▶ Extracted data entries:
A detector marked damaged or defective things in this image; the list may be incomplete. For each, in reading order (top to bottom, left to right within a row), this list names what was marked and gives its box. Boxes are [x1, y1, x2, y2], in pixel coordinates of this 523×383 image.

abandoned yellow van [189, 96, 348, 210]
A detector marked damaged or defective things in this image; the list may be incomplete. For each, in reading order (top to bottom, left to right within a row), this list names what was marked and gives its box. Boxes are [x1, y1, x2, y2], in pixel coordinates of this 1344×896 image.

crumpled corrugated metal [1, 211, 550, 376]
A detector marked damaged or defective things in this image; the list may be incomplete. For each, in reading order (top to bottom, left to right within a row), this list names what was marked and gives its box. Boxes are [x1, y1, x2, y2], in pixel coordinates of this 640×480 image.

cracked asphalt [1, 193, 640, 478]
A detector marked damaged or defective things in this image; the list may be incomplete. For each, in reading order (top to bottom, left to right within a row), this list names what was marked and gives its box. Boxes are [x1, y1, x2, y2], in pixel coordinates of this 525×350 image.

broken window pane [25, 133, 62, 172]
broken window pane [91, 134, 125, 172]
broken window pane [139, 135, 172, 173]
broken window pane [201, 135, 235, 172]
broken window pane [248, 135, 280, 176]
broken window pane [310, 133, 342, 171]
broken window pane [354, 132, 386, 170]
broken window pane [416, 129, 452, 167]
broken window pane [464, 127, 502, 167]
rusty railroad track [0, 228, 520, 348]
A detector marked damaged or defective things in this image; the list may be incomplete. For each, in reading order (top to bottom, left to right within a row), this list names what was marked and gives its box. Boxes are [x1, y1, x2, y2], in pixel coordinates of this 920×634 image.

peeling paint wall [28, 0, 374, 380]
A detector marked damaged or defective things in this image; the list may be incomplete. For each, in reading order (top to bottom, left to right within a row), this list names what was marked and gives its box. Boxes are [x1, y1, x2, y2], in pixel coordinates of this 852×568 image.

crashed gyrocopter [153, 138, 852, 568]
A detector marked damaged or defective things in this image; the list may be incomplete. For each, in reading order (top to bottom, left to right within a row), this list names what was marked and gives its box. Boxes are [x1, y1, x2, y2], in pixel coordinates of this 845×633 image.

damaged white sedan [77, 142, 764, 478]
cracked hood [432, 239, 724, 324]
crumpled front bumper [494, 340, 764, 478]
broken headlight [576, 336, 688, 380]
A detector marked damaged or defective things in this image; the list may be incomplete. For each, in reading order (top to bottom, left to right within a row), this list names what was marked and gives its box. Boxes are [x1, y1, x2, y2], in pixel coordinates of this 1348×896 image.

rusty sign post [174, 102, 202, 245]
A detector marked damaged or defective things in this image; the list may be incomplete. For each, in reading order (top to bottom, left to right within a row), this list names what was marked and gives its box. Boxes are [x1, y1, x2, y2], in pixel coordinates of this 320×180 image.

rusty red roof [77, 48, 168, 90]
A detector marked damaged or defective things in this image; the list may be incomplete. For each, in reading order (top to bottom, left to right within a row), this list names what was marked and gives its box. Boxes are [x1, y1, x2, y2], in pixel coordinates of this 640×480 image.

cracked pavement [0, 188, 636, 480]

▶ TASK DESCRIPTION: Give back exactly the lines from the one containing "this 320×180 image." through the last line of the records.

▶ RESPONSE TO THE TASK:
A detector marked damaged or defective things in this image; the list may be incomplete. For each, in reading order (top to bottom, left to right within a row), this list names what was marked and gives its box. Boxes are [x1, y1, x2, y2], in pixel coordinates of this 320×180 image.

rusty red roof [77, 48, 168, 90]
A detector marked damaged or defective things in this image; the list may be incomplete. For each, in reading order (top to bottom, left to right within a row), this list names what was marked and gives its box. Boxes are [x1, y1, x2, y2], in pixel coordinates of this 640×480 image.

cracked pavement [0, 188, 636, 480]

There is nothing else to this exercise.